The "x in y" expression appeared surprisingly late, between 1992 and 1996.
The IN operator token was classified as %nonassoc at that time.
It remained %nonassoc after that.
However, the grammar is actually
ppattern IN varname
Where ppatern can derive a varname via ppatern -> term -> var -> varname.
The productions for ppattern are all left-recursive.
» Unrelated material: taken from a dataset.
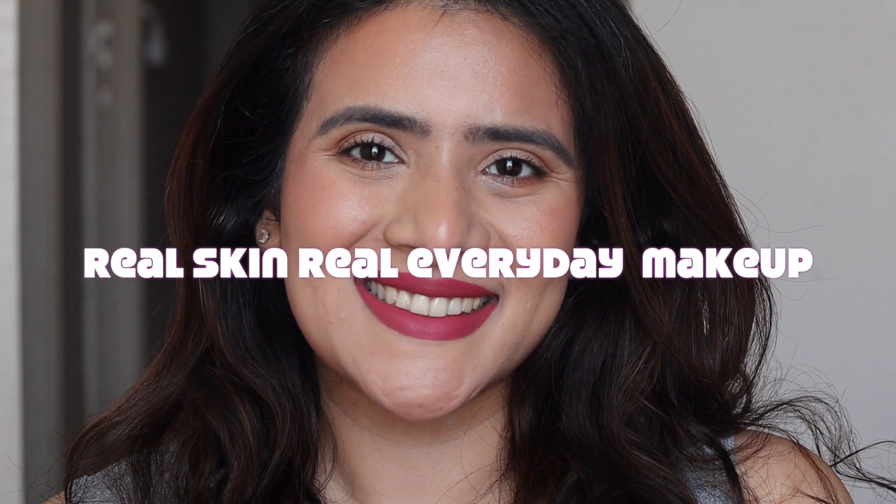Hi friends, in today's video I'm sharing with you this very basic look with pink lips, and of course you can change the lip color and the eyeliner to amp up or down the look. So it's going to be an unfiltered, unedited, untouched makeup look for real makeup. So let's begin.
This left recursion determines the parse for x in y in z, making it
left-associative.
The %nonassoc declaration that was introduced for the IN token
is effectively useless.
It seems that the *intent* was to make it non-associative,
that wish being expressed clearly with the %nonassoc. But because of the way
the operator was worked into a left-recursive grammar production, it became
effectively left-associative.
Given an input like
x in y in z
the parser will shift the x token (the position indicated by the dot).
x . in y in z
There is no ambiguity; the parser must reduce the previous material
through several reductions:
varname . in y in z
var . in y in z
term . in y in z
ppattern . in y in z
Now the parse can continue by shifting the two tokens:
ppattern in y . in z
There is no ambiguity here, either; the left part "pattern in y" in the parse
stack must be reduced to a ppattern, because only ppattern as a whole
takes an 'in' operator:
ppattern . in z
Now there is a pattern which matches the production rule, and so
the parse continues:
ppattern in . z # shift 'in' onto stack
ppattern in z . # now reduce z -> varname
ppattern in varname . # then reduce ppattern in varname -> ppattern
ppattern # left-associative parse done.